Bu konuda karar vermek ve bir fikir oluşturmak için henüz çok erken...Ancak birkaç noktayı hatırlatmakta yarar var ve bunların en önemlisi sanki Eurolegue parası olanı kayıran ama FİBA böyle değil gibi bir hava oluşmuş...FİBA Milli turnuvalarda bile , wildcardları başka bir kritere bakmadan para veren ülkeye veren bir organizasyon...Turnuva, FİBA'ya geçerse durum değişecek gibi bir hava oluşmasın, FİBA'da daha da beter olur..Çünkü, Eurolegue'in nihai bir Euro NBA kurma hayali varken, FİBA sadece paranın peşinde bu bilinmesi gereken en önemli nokta...BU durum futbol şampiyonlar liginle kıyasalanamaz çünkü gelirler ve gelir dinamikleri çok farklı..Geniş zamanda daha detaylı olarak paylaşırız...
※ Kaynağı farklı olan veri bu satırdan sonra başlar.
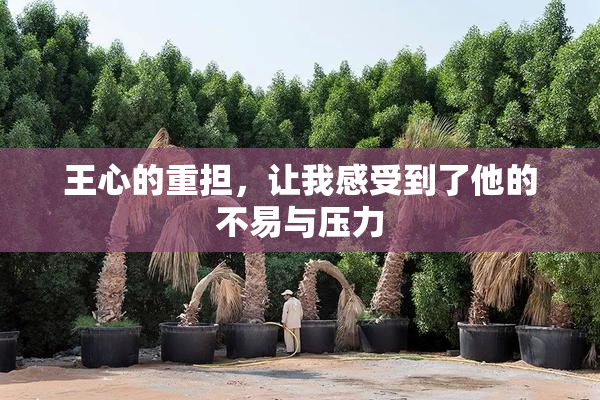 王心的重担，让我感受到了他的不易与压力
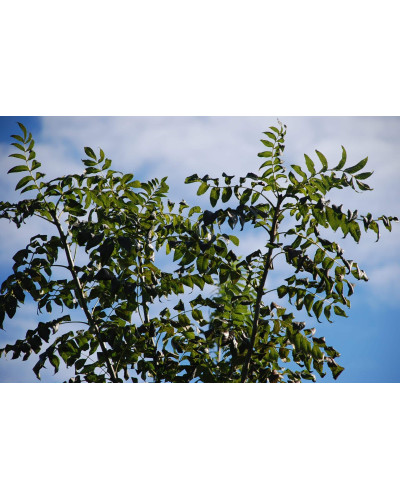 Ясен звичайний | Ясень обыкновенный | Fraxinus excelsior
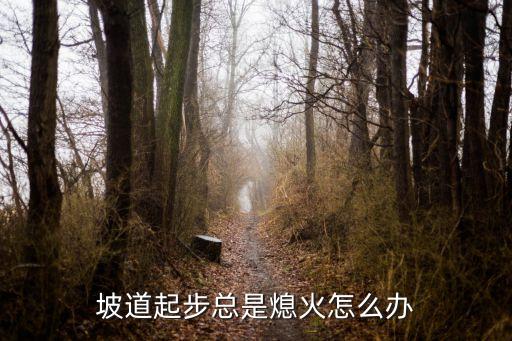 坡起熄火，科目二坡道起步熄火扣幾分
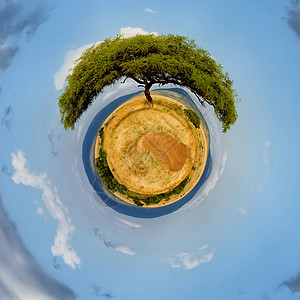 360度非洲美景观图片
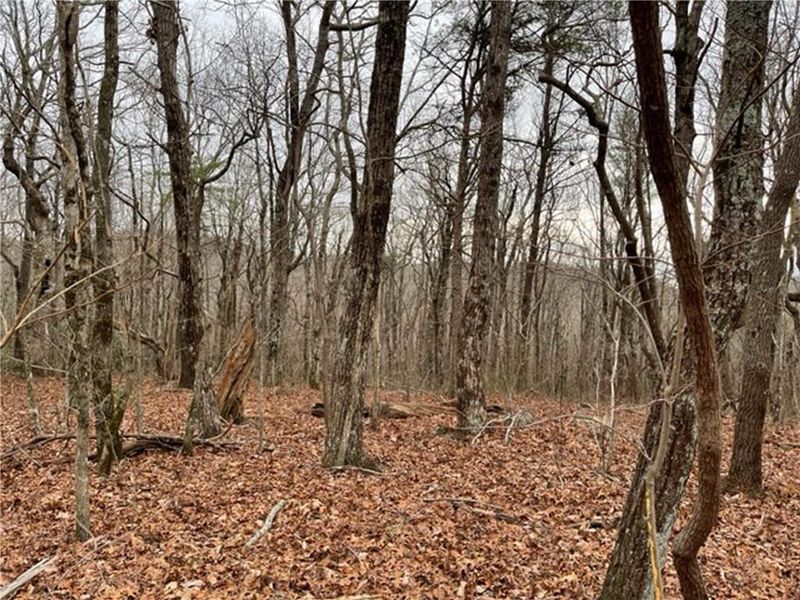 Image 21 of a home in .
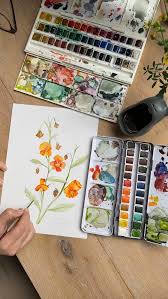 Image result for Alonsoa linearis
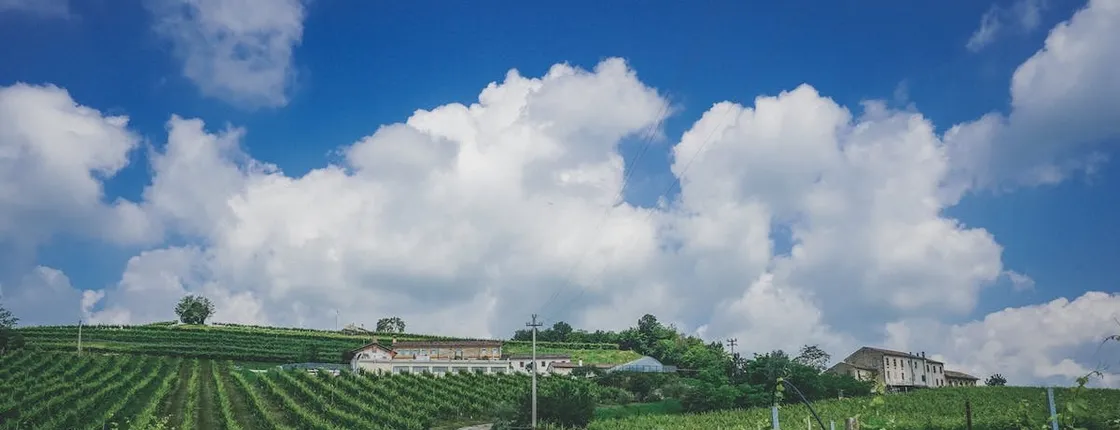 Prosecco wine tour from Venice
İkinci en önemli nokta, Eurolegue takımlarından en az 2-3 tanesini çalınmadan turnuva ilgi çekmez, gelirleri minimum seviyede olur ve ikinci sene düzenlenmesi bile çok zor...Peki çalması mümkün mü ? Biraz zor çünkü bildiğiniz gibi Eurolegue ortakları takımlar ve hatta bildiğim kadarıyla VTB'nin bile küçük bir hissesi var ...Bu ekonomik ve idari tüm kararların takımlara ait olduğu ve hatta takımlara dağıtılan gelirlerden hariç şirket gelirlerinden dahi kazançları olduğu anlamına geliyor...Şimdi bu takımlar neden %50'si Fİba'ya geri kalanıda ülke federasyonlarına ait bir turnuvaya katılsınlar...Gelirlerinde çok büyük bir artış olmadığı sürece bu mümkün değil...Birde üstüne Lisans hakları ile ilgili FİBA'nın ortaya koyduğu net birşeyde yok..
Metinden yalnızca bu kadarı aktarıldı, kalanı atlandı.